(Scraped caption text data)
──────────────────────────────

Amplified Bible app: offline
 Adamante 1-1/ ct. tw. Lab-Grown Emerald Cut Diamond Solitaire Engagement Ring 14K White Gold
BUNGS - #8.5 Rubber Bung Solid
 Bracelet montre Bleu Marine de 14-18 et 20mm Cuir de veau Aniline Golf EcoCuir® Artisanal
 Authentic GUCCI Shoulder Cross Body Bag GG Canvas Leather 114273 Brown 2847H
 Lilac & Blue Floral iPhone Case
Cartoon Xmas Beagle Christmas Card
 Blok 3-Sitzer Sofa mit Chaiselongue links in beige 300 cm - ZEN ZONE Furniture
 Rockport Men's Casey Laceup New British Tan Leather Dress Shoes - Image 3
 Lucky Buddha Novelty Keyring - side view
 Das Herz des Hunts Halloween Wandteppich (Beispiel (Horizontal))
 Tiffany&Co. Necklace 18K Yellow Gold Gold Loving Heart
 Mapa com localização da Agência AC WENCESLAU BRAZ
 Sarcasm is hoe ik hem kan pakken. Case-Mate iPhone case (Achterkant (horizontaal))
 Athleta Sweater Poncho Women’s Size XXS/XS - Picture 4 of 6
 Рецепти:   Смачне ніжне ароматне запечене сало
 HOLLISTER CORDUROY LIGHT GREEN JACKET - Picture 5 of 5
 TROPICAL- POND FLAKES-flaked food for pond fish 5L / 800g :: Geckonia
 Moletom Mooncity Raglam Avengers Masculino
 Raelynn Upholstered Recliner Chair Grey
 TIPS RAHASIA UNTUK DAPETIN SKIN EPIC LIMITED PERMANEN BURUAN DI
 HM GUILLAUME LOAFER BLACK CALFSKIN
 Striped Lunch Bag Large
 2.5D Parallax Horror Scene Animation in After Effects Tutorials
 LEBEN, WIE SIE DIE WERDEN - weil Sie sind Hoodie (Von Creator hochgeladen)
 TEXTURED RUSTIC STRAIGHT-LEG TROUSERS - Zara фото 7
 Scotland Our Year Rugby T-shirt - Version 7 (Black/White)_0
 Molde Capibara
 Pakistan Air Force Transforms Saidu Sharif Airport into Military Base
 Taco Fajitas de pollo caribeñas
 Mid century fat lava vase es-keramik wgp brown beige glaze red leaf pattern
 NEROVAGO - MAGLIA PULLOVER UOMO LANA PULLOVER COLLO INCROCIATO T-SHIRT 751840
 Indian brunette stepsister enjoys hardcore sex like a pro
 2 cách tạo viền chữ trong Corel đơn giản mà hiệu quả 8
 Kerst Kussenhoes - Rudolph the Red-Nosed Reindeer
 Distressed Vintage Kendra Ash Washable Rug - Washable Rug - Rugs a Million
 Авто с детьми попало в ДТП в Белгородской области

──────────────────────────────

• WORK INSTRUCTION
Among the entries above, determine how many lines contain "Picture", then output only that number.

• RESULT FOR THIS EXERCISE
2